Nuevas observaciones de Neptuno evidencian una catástrofe ocurrida hace miles de millones de años, provocada por un intruso del tamaño de Plutón, revela un estudio publicado en la revista Science Advances.
Con ayuda del telescopio espacial James Webb de la NASA, un equipo científico analizó la composición de tres lunas interiores de Neptuno —Proteo, Larisa y Galatea— y sus anillos interiores de polvo, detectando minerales de arcilla.
Minerales provenientes de un mundo antiguo más grande
Se sabe que estos minerales ricos en magnesio existen en el planeta enano Ceres, que orbita en el cinturón principal de asteroides entre Marte y Júpiter, y en algunos meteoritos.
Estos "requieren un contacto prolongado entre el agua líquida y la roca para formarse", explica la autora principal Ryleigh Davis, científica planetaria de la Universidad de California en San Diego.
"Las lunas en sí son demasiado pequeñas y frías como para que esa química se haya producido in situ, por lo que la arcilla tuvo que proceder de otro lugar: el interior profundo de un mundo antiguo mucho más grande", agrega.
El hallazgo sugiere que hubo un cataclismo
El material en las lunas interiores de Neptuno apunta a un acontecimiento cataclísmico en el pasado del planeta que destruyó esos mundos antiguos.
"Las pequeñas lunas y los anillos que vemos hoy se habrían vuelto a formar a partir de esos escombros", plantea Davis.
El responsable del desastre sería Tritón
Según los autores, el culpable de este cataclismo parece ser Tritón, la luna más grande de Neptuno, que anteriormente residía más lejos en el sistema solar, en la región conocida como el cinturón de Kuiper.
Durante los primeros mil millones de años tras la formación del sistema solar, una época caótica en la que los grandes planetas gaseosos aún migraban hacia sus órbitas actuales, la atracción gravitatoria de Neptuno capturó a Tritón.
Esta luna es un poco más grande que Plutón, otro habitante del cinturón de Kuiper, aunque más pequeño que la Luna terrestre.

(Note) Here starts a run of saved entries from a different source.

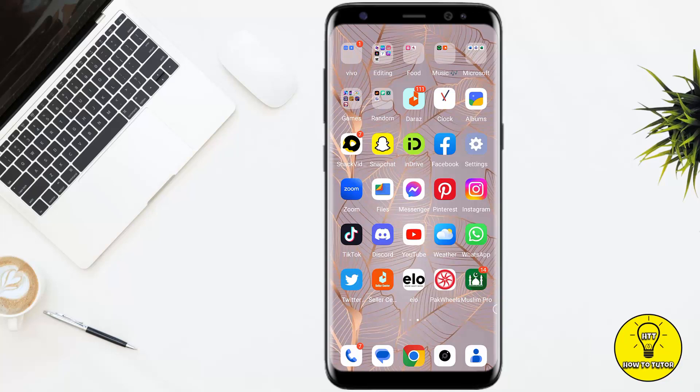Hey guys, adding multiple pictures to your Instagram story can make your story very powerful and unique. In this video I'm going to show you a really simple way to add multiple pictures on your Instagram story, and how it works — this process is the same for Android as well as for iPhone.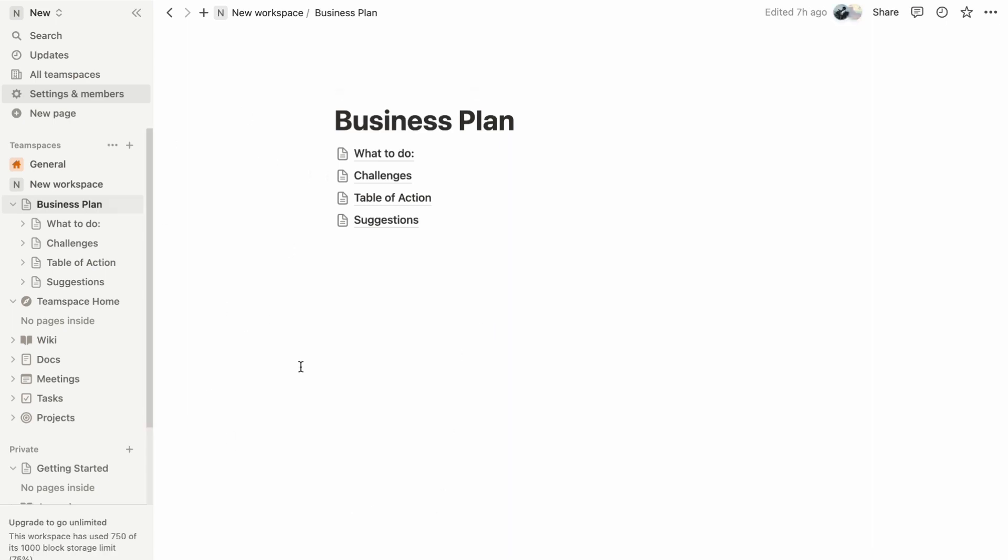Remember though, that if you ever want to rejoin the workspace you left, you can simply reach out to an admin within the workspace, and they can re-add you.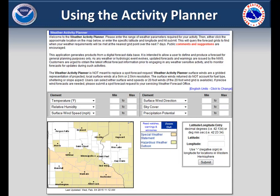The activity planner allows you to search for optimal times for outdoor activities based on user selected criteria. You can select criteria for six elements at a time and change any of them by using the drop-down box.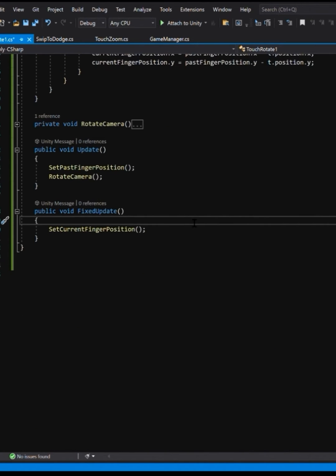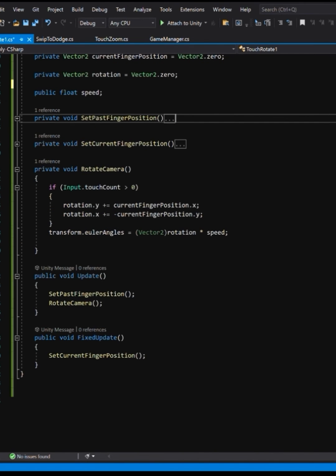Now what makes this important is tracking where your finger is at a certain period of time. We set the past one in update method and that's the initial position of your finger and we set the current finger position in the fixed update. That way it gives it a bit of time before it detects where your finger is at so it can track your finger as you're moving across the screen.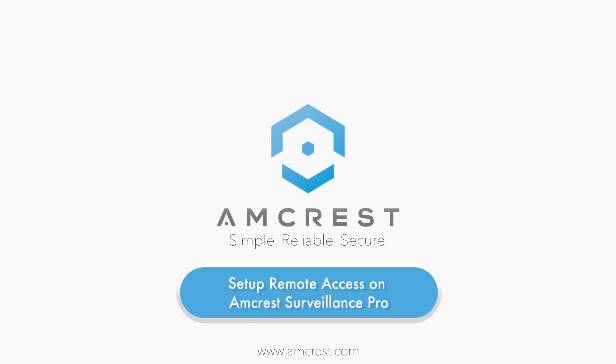Hello and welcome to this Amcrest video tutorial. In this video, we will show you how to set up remote access for your IP camera on the Amcrest Surveillance Pro software.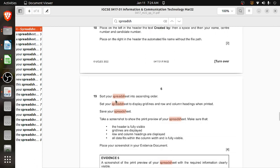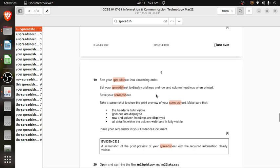Sort your spreadsheet in ascending order. Set it to display grid lines and row and column headings when printed. Save your spreadsheet. Then take a screenshot of the print preview to show the header is fully visible, grid lines are displayed, row and column headings are displayed, and all data fits within the column width. Place the screenshot in the evidence document as Evidence 5.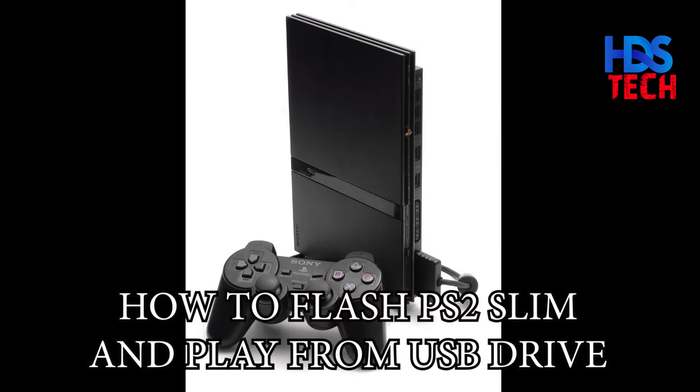Hello and welcome to my channel. On today's video, we will learn how to flash a PS2 Slim model so we can play from the USB drive. First thing we need to do is download the ulaunchelf.iso file and burn it on a DVD disc. I will leave a link for you to download it in the description.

Tras ser capturado, su fuerza gravitatoria alteró las lunas originales de Neptuno e hizo que la mayoría chocara entre sí.
Aunque menos probable, los científicos no descartan que el cataclismo lo causara otro cuerpo similar del cinturón de Kuiper.
Lo que las lunas interiores de Neptuno revelan
Las actuales lunas interiores de Neptuno acabaron formándose a partir de algunos de los escombros resultantes. El interior de las grandes lunas heladas destruidas en el impacto "suele estar permanentemente oculto a nuestra vista, sepultado bajo gruesas capas de hielo de agua y accesible únicamente mediante modelos e inferencias", apunta Davis.
Estos satélites podrían ser "el único lugar del sistema solar donde podemos observar directamente ese material, ya que este suceso catastrófico, en esencia, dio vuelta por completo a esos mundos ancestrales", añade.
"Un intruso capturado"
Tritón es la única luna grande del sistema solar que orbita en dirección opuesta a la rotación de su planeta. Este hecho aporta una prueba más de que fue capturado tras formarse en otra parte, en lugar de haberse originado como una de las lunas nativas del planeta más alejado del sistema solar.
"Neptuno acabó con un intruso capturado dominando su sistema de satélites en lugar de la ordenada familia de lunas que vemos en los otros planetas gigantes", detalla Davis.
"Es un ejemplo gráfico de cómo un solo evento fortuito puede alterar fundamentalmente la arquitectura de un sistema planetario", concluye.